La thèse terroriste ou islamiste ne tient pas dans plusieurs localités. Si elle est avancée, c’est généralement pour «légitimer des activités criminelles». La cause réelle de tous ces actes, nous l’avons écrit souvent et d’ailleurs très souvent, est la mauvaise gouvernance. Les représentants de l’État central se sont rarement présentés comme une partie de la population à laquelle ils devraient rendre des services. Au contraire, ils l’ont souvent, et très souvent d’ailleurs, spoliée, intimidée ou injustement emprisonnée quand ils n’ont pas coalisé avec les criminels pour culpabiliser l’innocent. La vérité a été souvent achetée en nature ou en espèce. Ils ont souvent et très souvent tourné en dérision les autres représentants de l’État moins dotés de pouvoir de coercition, à savoir les maires et les chefs de village ou autres autorités locales comme les marabouts.

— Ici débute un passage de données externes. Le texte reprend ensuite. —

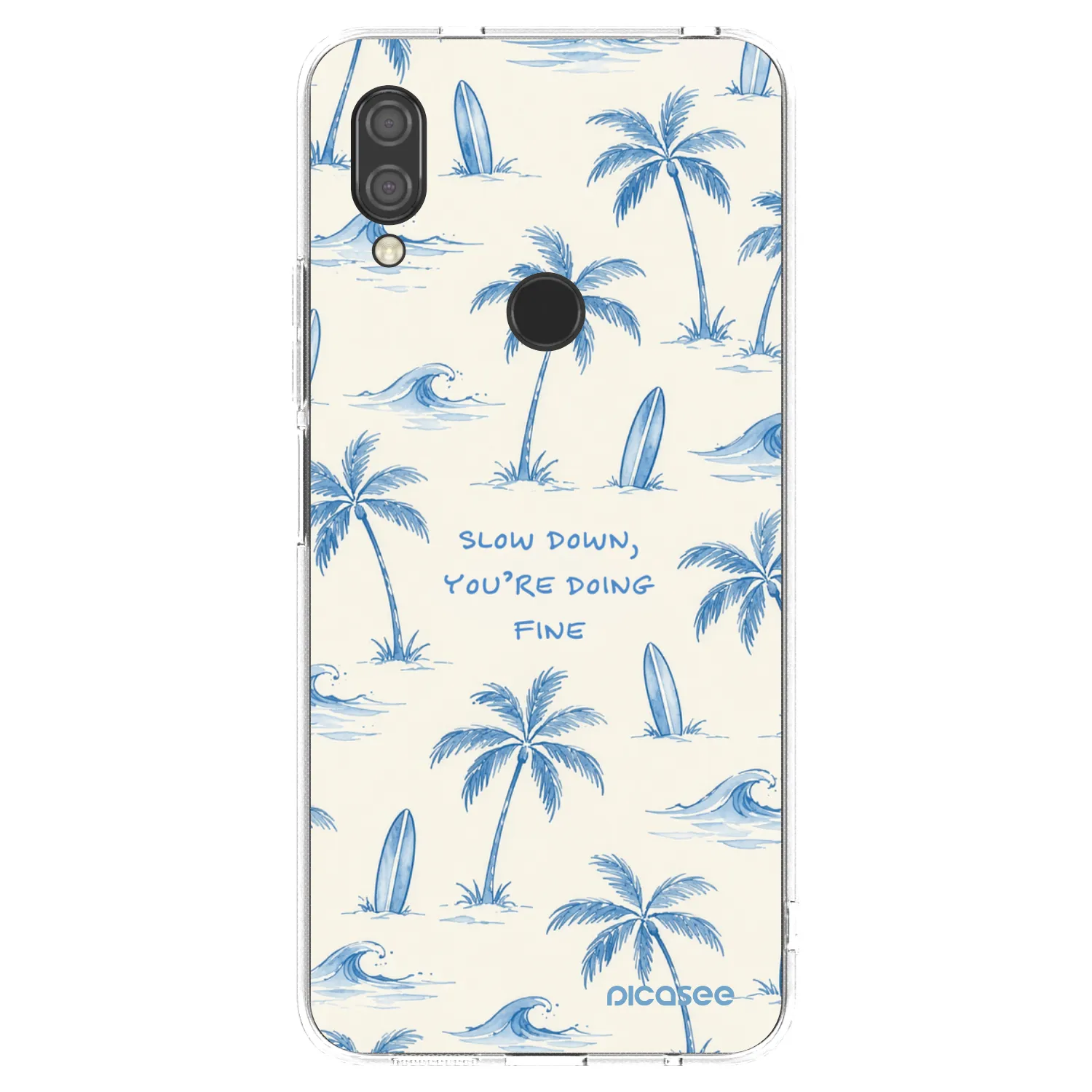 Picasee silikonowe przeźroczyste etui na Xiaomi Redmi 7 - Slow Tide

Aujourd’hui, comme hier, ce sont ces derniers qui sont restés sur place pour partager les souffrances des populations. Certains esprits malins les présentent comme des représentants de l’État. Peut-être. Mais ils se représentent et représentent les populations. Ils sont, comme on l’entend très souvent dans ces zones, sur la terre de leurs ancêtres. La nuance est importante, et elle constitue encore la petite chance pour l’État de commencer à exister pour ces populations en vue de réduire les fronts armés : ceux qui s’attaquent à ces populations parce que représentant l’État et les populations qui défendent l’âme des ancêtres, donc ni groupes armés indépendantistes, républicains, djihadistes ou terroristes, mais défenseurs de l’âme des ancêtres. L’État central a trop reculé devant l’ennemi voire l’adversaire, visible et invisible. Il est temps de changer d’approche et d’être ferme. Comment continuer à servir des fonctionnaires qui ne veulent pas le servir. Il faut recruter des agents de l’État pour ces zones par appel à candidature versus nomination. Il faut leur garantir le minimum de sécurité, le temps de leur permettre de convaincre les populations locales qu’ils sont différents de leurs prédécesseurs.
Naturellement, leur traitement doit être conséquent et prévoir une prise en charge de leur famille, surtout les enfants mineurs au cas où le pire se produirait. Il faut donner un vrai statut aux chefs de village et de fraction en leur conférant plus de pouvoir de décision au niveau de leur localité et les retirer de la vie politique partisane. Les marabouts doivent être valorisés dans ces localités : ce sont eux qui scellent les mariages et les divorces, règlent des contentieux. En raison de la distance et de la peur des représentants de l’État, les décisions des marabouts doivent être remises aux chefs de village puis de fraction, qui doivent se charger de les faire valider par l’autorité compétente à travers la mairie. Il faut revoir le statut des maires en interdisant les postes électifs aux opérateurs économiques, marabouts et analphabètes sans expérience d’actions de développement. La paix et la sécurité permettant le développement ou le développement permettant la paix et la sécurité doivent se construire autour de l’homme dans un environnement institutionnel respectueux de l’état de droit et des droits de l’homme. Notre avenir de nation en est fortement tributaire».